N°38 | Et le sexe ?

Pierre-Jean Luizard
Chiites et sunnites
La grande discorde en 100 questions
Paris, Tallandier, 2017
Pierre-Jean Luizard, Chiites et sunnites, Tallandier

Jamais, dans l’histoire du monde, deux conceptions religieuses issues de la même origine, le Coran révélé par le prophète Mahomet, ne se sont affrontées avec autant de violence, et ce dès les premières années après la disparition du Prophète. Malgré les tentatives désespérées pour retrouver une unité, l’instrumentalisation de la religion par le politique a semé des intérêts contradictoires au nom d’une conception inclusive de l’islam qui fondait son appartenance sur l’exclusion des autres religions, confondant parfois les mécréants chrétiens et les membres de la confrérie musulmane adverse, jugés comme des apostats. Cette violence a atteint à plusieurs reprises des paroxysmes dramatiques dont les affrontements meurtriers récents ne sont qu’un exemple parmi d’autres. Les sunnites reprochent aux chiites leur conception simpliste d’une croyance en l’héritage divin de Mahomet et de sa famille dont les imams sont les représentants sur terre. Les chiites reprochent aux sunnites d’être responsables de la mort d’Ali, le gendre du Prophète, et de déléguer au seul calife la responsabilité de l’interprétation littérale du Coran. Depuis quatorze siècles, ces reproches mutuels alimentent des haines farouches, meurtrières, que le politique utilise à des fins opportunistes.

Les sunnites sont numériquement dans un rapport inégalitaire avec les chiites (85 % contre 15 %). Mais, au sein des deux communautés, une infinité de mouvements, souvent agressifs les uns par rapport aux autres, permet parfois de nouer des alliances temporaires inattendues. L’Iran est le pays chiite par excellence. Mais ce choix est tardif : il date du xvie siècle et pour des raisons politiques. L’Irak est le pays sunnite qui, paradoxalement, héberge les plus grands lieux sacrés du chiisme. Quand l’Amérique renverse Saddam Hussein, protecteur de sunnites, elle fera de ces derniers, devenus des proscrits, des militants de Daech. La guerre de Syrie oppose les alaouites de Bachar el-Assad, proches des chiites, donc soutenus par l’Iran et le Hezbollah (parti chiite libanais), puis les Russes aux sunnites de Daech et aux autres communautés. L’affrontement entre l’Iran et l’Arabie saoudite, qui possède les lieux saints de l’islam, est l’occasion réitérée de tensions lors des pèlerinages qui font souvent de nombreux morts. Enfin, les chiites sont plutôt l’expression des fractions les plus pauvres des arabes, ayant parfois flirté avec le communisme, alors que les sunnites sont présents dans les monarchies pétrolières arabes.

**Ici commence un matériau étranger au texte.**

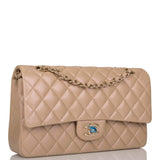 Chanel Dark Beige Iridescent Quilted Caviar Medium Classic Double Flap Bag Light Gold Hardware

Ce livre, écrit par l’un des meilleurs connaisseurs de la question, rend compréhensible la confusion permanente s’offrant à l’Occidental qui renonce souvent à saisir les vrais enjeux. On y découvre que les puissances occidentales ont plus contribué par leur ignorance à alimenter les tensions qu’elles n’en sont directement responsables. Le lecteur passe ainsi de l’ignorance la plus totale à la lumière, dût-elle rester complexe, déroutante et désespérante. Chaque acteur politique devrait s’y intéresser s’il veut tenter de comprendre l’histoire de son temps.